Monte Mosor
“La route abandonne la mer à Almissa. Elle s’enfonce brusquement dans l’intérieur et profite pour ce faire de l’étroite coupure que la Cétina s’est taillée à travers la falaise. […]. Devant nous, le mont Mosor, le Mont, comme disent les Dalmates (le nom antique du mont Mosor était Masar, signifiant le mont par excellence), dresse son double cône décharné vers le ciel qu’il menace. Bien que son altitude n’ait rien d’alpestre, il s’élève comme un géant au-dessus des autres cimes qui protègent la Politza.

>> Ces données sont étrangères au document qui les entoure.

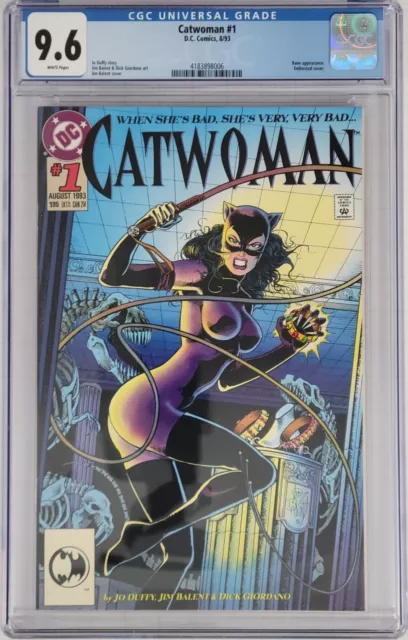 CGC 9.6 High Grade == 1993 CATWOMAN #1 / First Ongoing Series / Bad Girl Good?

La route est solitaire. On croise rarement quelques kolos, ces chariots dalmates que de petits chevaux traînent au grand trot; rarement aussi l’on voit une maison au seuil de laquelle un humain grave, coiffé de la calotte rouge, chaussé des opankés nationaux, fume dans une énorme pipe.
Après une chevauchée sur les montagnes, parmi les oliviers et les chênes verts, on redescend vers la Cétina. Lorsque nous fûmes parvenus au niveau de la rivière, nous découvrîmes que son lit était bouleversé par d’importants travaux de captation; des quantités d’ouvriers remuaient la terre, il y avait là un chantier moderne, en plein désert: tranchées, canaux, digues, écluses et une usine électrique en construction. Une usine électrique en Dalmatie, c’est à n’y pas croire! Est-ce donc un signe que ce pays va se réveiller enfin? […]. Les villes et les villages que nous avons visités, par l’absence de toute industrie, par la forme antique de leur commerce, leurs petites boutiques où l’on vend des marchandises barbares, leurs échoppes où des artisans travaillent comme au temps des croisades, donnent l’impression d’un pays resté tel qu’il était au moyen âge. Vous comprendrez l’état de stupeur dans lequel Nous fûmes plongés en nous trouvant tout à coup en face d’une usine électrique!” (pp. 122-124).